Pedals and Probabilities: A Practical Guide to Understanding Probability (Part 1)

Abhinandhan Raghu
12 min readJul 19, 2023

In the intricate world of machine learning algorithms, probability serves as the foundational pillar. To truly decipher the mechanisms and theories of these algorithms, it’s essential to have a firm understanding of probability fundamentals. In this three-part blog series, we delve into the basics of probability and conditional probability, using the engaging context of cycling and supplemented by dynamic Python simulations.

In Part 1, we will first navigate through the basics of probability and conditional probability, highlighting their crucial role in predictions, forecasting, and quantifying uncertainty. Subsequently, we will apply these concepts to a practical scenario — assisting a cyclist in planning a trip.

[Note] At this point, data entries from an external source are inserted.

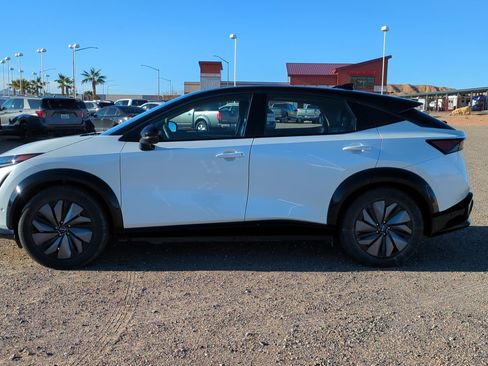 Used 2024 Nissan Ariya AWD image 8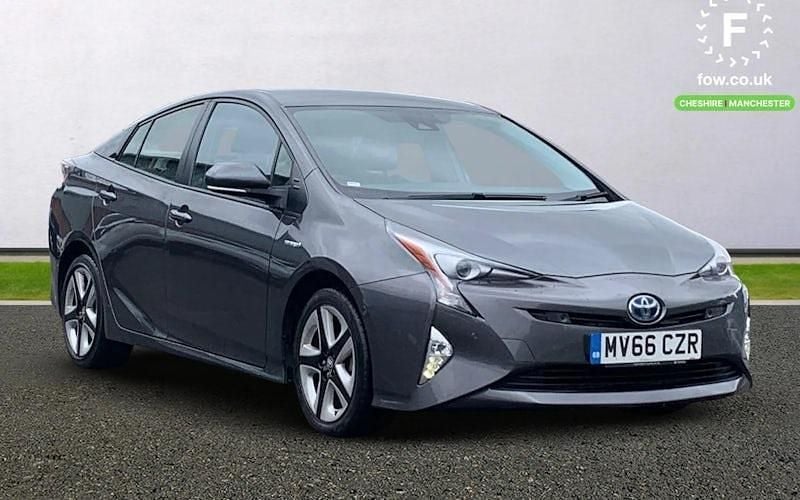 Used 2018 Toyota Prius Hatchback | £13,199 (Fair price) - Image 1/4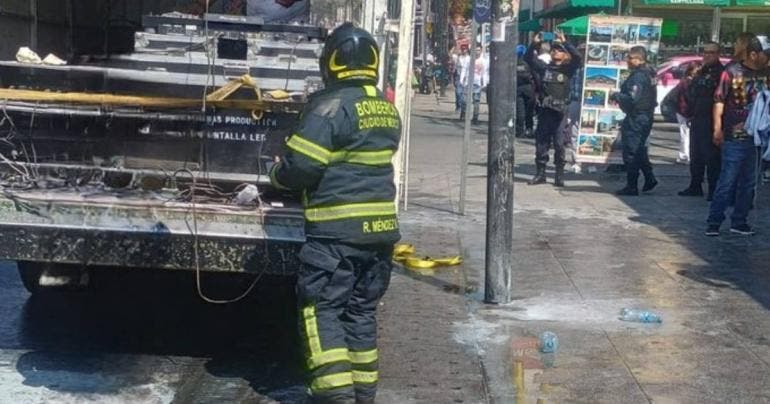 Se incendia camión de sonidero en Calzada de Guadalupe, GAM
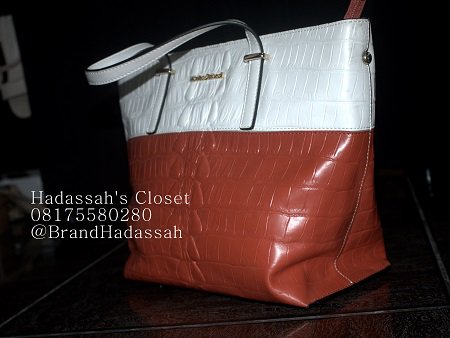 brandhadassah's tweet photo. Let our bags embellish your elegance! 
Call 08175580280 
Hadassah's Closet, 19 Durban Street, Off Adetokunbo Ademola, Wuse 2, Abuja. 
Your one-stop store for everything WEARS for WOMEN and CHILDREN. Our goods are from the USA especially MACY's STORE! https://t.co/qHbJy5iy6G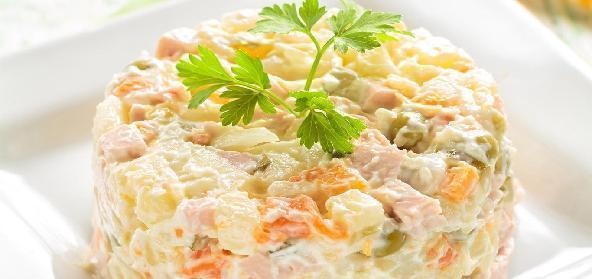 ОЛИВЬЕ С КУРИЦЕЙ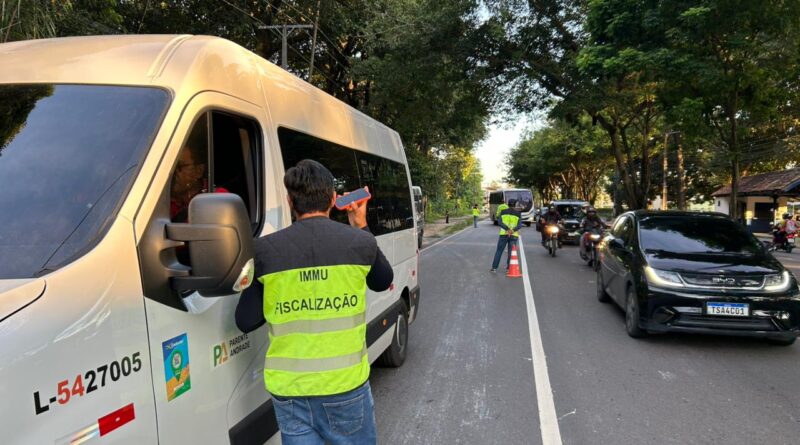 Operação da Prefeitura de Manaus apreende micro-ônibus com roda sem parafuso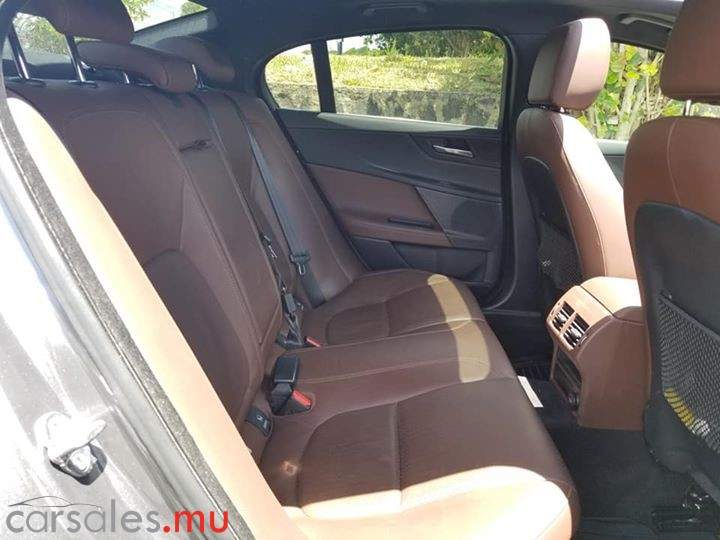 2017 Jaguar XE 25t Portfolio - 5 - Luxury Cars  on Aster Vender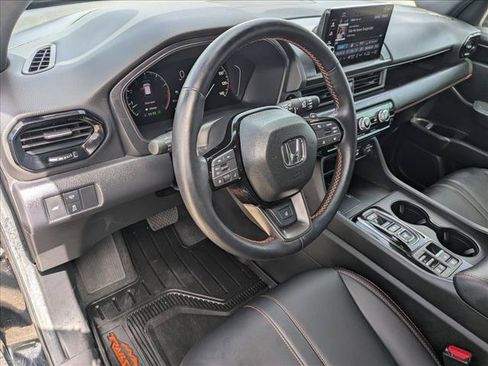 Used 2025 Honda Pilot TrailSport image 10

As we journey through this example, we’ll also introduce important concepts such as the Law of Total Probability.

So, let’s embark on this intriguing ride through the landscape of probability, where theory meets practice, and abstract concepts come to life through real-world applications and simulations. In the next part of this series, we’ll further delve into the world of probability, introducing the fascinating subject of probability distributions. We’ll explore the most common distributions and their applications in a practical context, setting the stage for even more complex scenarios in the later parts of this series. Stay tuned for this exciting journey!

Photo by Jay Miller on Unsplash

Setting the Pace: Understanding Probability

The concept of probability measures the likelihood of an event occurring. Take, for instance, a coin toss with a fair coin. The chance of the coin landing either heads or tails is 50%. In probability terms, we say that the event of the coin landing heads or event ‘H’ has a probability of 0.5, and so does event ‘T’, where the coin lands tails. Here, ‘H’ and ‘T’ represent the sample space, which is the set of all possible outcomes. If we extend this to two coin tosses, the sample space becomes {(H,H), (H,T), (T,H), (T,T)}. In the case of a fair coin, each event in this sample space has an equal likelihood of occurring, hence a probability of 0.25 or 25%.

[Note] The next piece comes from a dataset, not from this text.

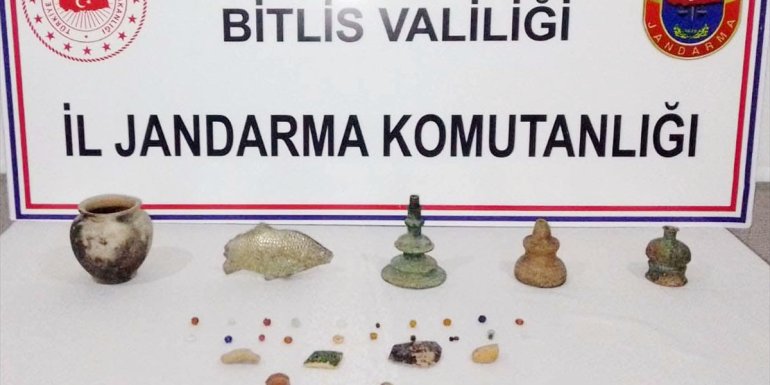 Bitlis'te 33 parça tarihi obje ele geçirildi
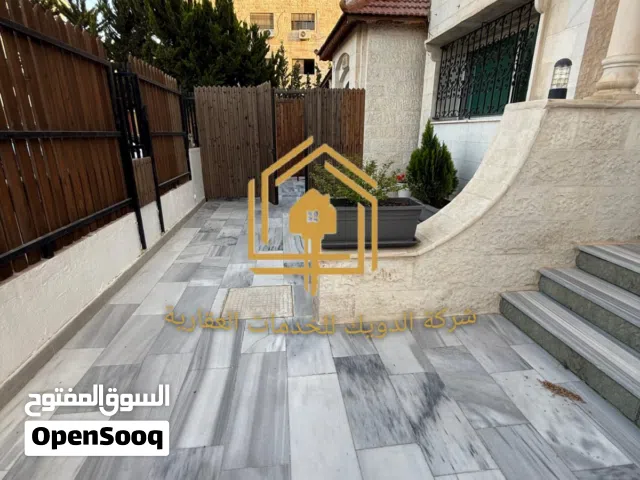 شقة سوبر ديلوكس / 4نوم / ارضية / ترسات / موقع مميز / ضاحية النخيل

Example 1: Weather Forecasting

We frequently encounter the application of probability in weather forecasting. For instance, suppose we want to estimate the likelihood of rain in Toronto on June 27th, 2023. To make this prediction, we can leverage historical weather data from the Environment Canada website. This extensive data provides several weather-related metrics such as daily mean temperature, total rainfall, and total snowfall.

The process to calculate the probability of rain involves determining the ratio of the total number of rainy days in June from 2010 to 2022 to the total number of days during the same period. The Python code snippet provided below supports this analysis by performing the following steps:

· It loads the weather station inventory.

· Filters out the specific Toronto weather station data.

· Scrapes the weather data for each year of operation.

· Generates a bar chart depicting the count of rainy days in June from 2010 to 2022.

By visually representing this data, we can gain valuable insights about weather patterns in Toronto, specifically the frequency of rainy days in June over the past decade. The bar chart generated will provide a clear picture of the number of rainy days in June for each year from 2010 to 2022, thus aiding in our prediction for June 27th, 2023.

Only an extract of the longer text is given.